BCE, le "sauveur suprême"

La révolution de janvier 2011 le tire de l’oubli. Dans la panique qui suit le départ de Ben Ali, Mohamed Ghannouchi, le Premier ministre de la transition, l’invite à rejoindre son gouvernement provisoire en qualité de ministre des Affaires étrangères. BCE refuse. À son ami Ahmed Ounaïes, il confie : "Ce gouvernement ne tiendra pas." Le 27 février en effet, Ghannouchi rend son tablier et Fouad Mebazaa, le président provisoire, supplie BCE de prendre la charge de chef du gouvernement. Il hésite et finit par accepter à condition d’organiser rapidement des élections.
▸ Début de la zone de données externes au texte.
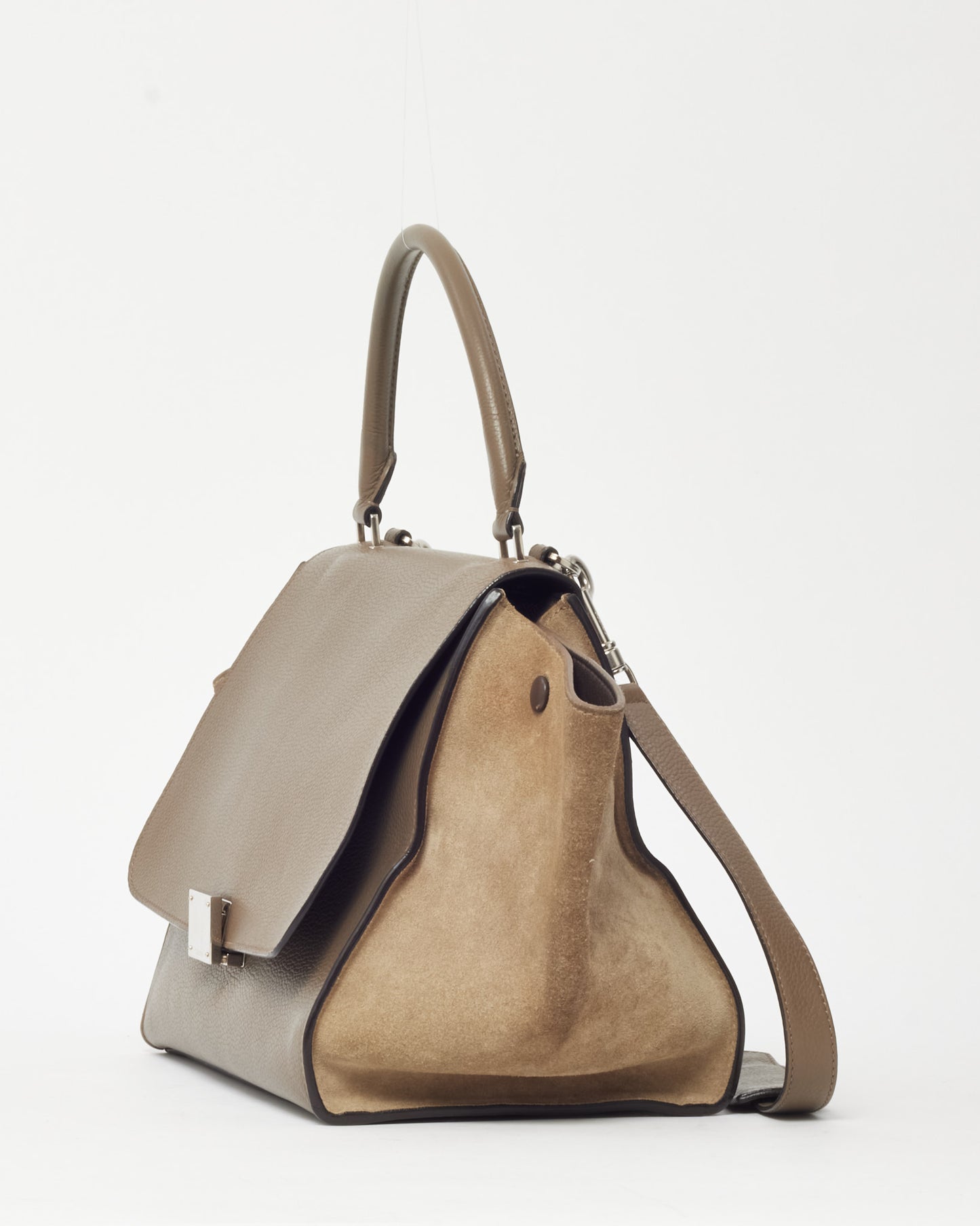 Celine Taupe Leather & Suede Medium Trapeze Bag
Au nom de la raison d’État, il endosse la décision prise par son prédécesseur de convoquer l’élection d’une Assemblée constituante. Une solution qu’il jugeait pourtant risquée. "Mon souhait aurait été d’organiser un référendum afin de donner force légale au décret présidentiel qui limitait à un an la durée des travaux de la Constituante, et d’encadrer les prérogatives de l’Assemblée." Les réticences du président, de certains de ses ministres et de la Haute Instance pour la réalisation des objectifs de la révolution de Yadh Ben Achour l’empêchent d’explorer cette option. Il parvient néanmoins à mener le pays à bon port – les élections du 23 octobre 2011, dont la réussite est unanimement saluée. Démocratiques, libres et transparentes, elles débouchent sur la victoire des islamistes d’Ennahdha et de leurs alliés du CPR et d’Ettakatol.
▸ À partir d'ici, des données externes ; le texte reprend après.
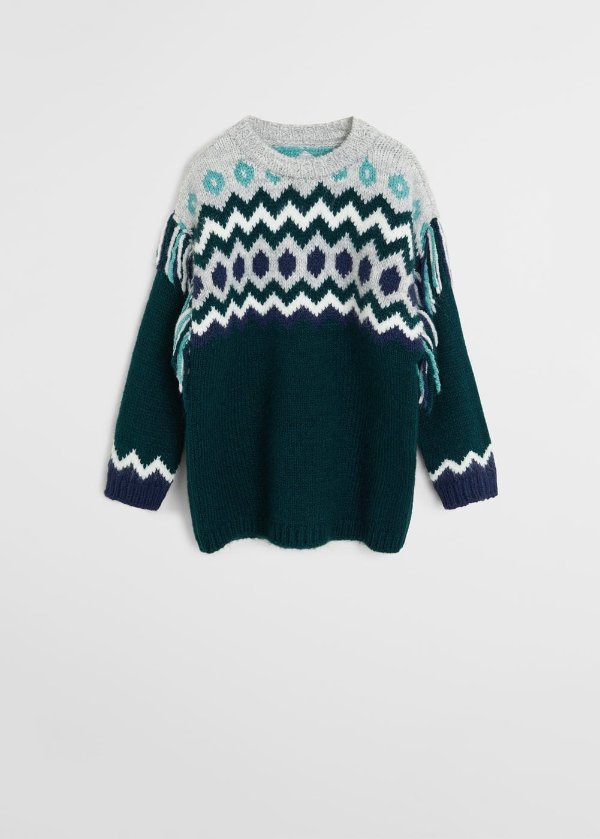 Sleeve detail jacquard sweatshirt - Girls | OUTLET USA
Le 26 janvier 2012, inquiet des dérives du gouvernement de la troïka, BCE sort de la réserve qu’il s’était imposée pour lancer un nidaa ("appel" en arabe) à l’intention des diverses familles de l’opposition progressiste, dans l’objectif de préparer l’alternance. L’incapacité des partis centristes à se rassembler et à dépasser leurs querelles de chapelle le pousse à créer son propre parti, en juillet 2012, pour rééquilibrer une scène politique outrageusement dominée par Ennahdha et ses alliés. Le succès de cette nouvelle structure est immédiat, et les adhérents affluent, à commencer par les Destouriens, ostracisés par la révolution.
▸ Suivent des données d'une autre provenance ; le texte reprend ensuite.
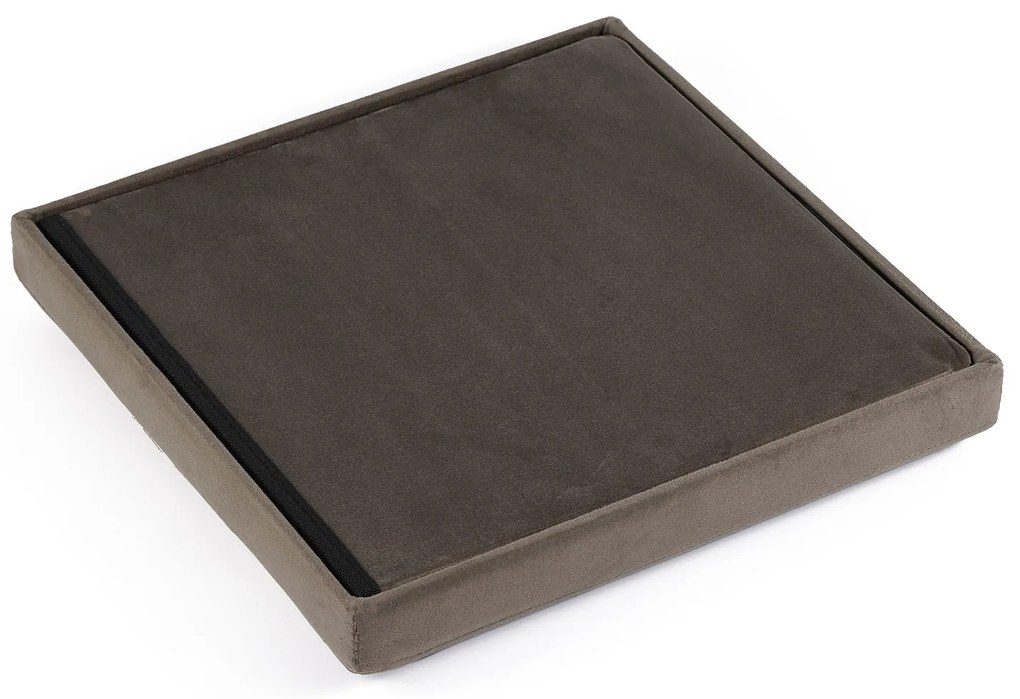 Brązowy składany taboret ZAREX VELVET L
>> Lire aussi : l’appel du 16 juin 2012 de Béji Caïd Essebsi

Depuis lors, BCE est considéré comme le "sauveur suprême" et révéré comme une icône par une bonne moitié de la Tunisie. Les autres, principalement des islamistes et des partisans de Moncef Marzouki, le diabolisent, n’hésitant pas à assimiler Nidaa Tounes au RCD honni. Pour eux, élire BCE à la présidence de la République serait prendre le risque d’un retour à la "dictature du parti unique" (taghawul). Un argument qui ne semble pas vraiment trouver écho dans l’opinion.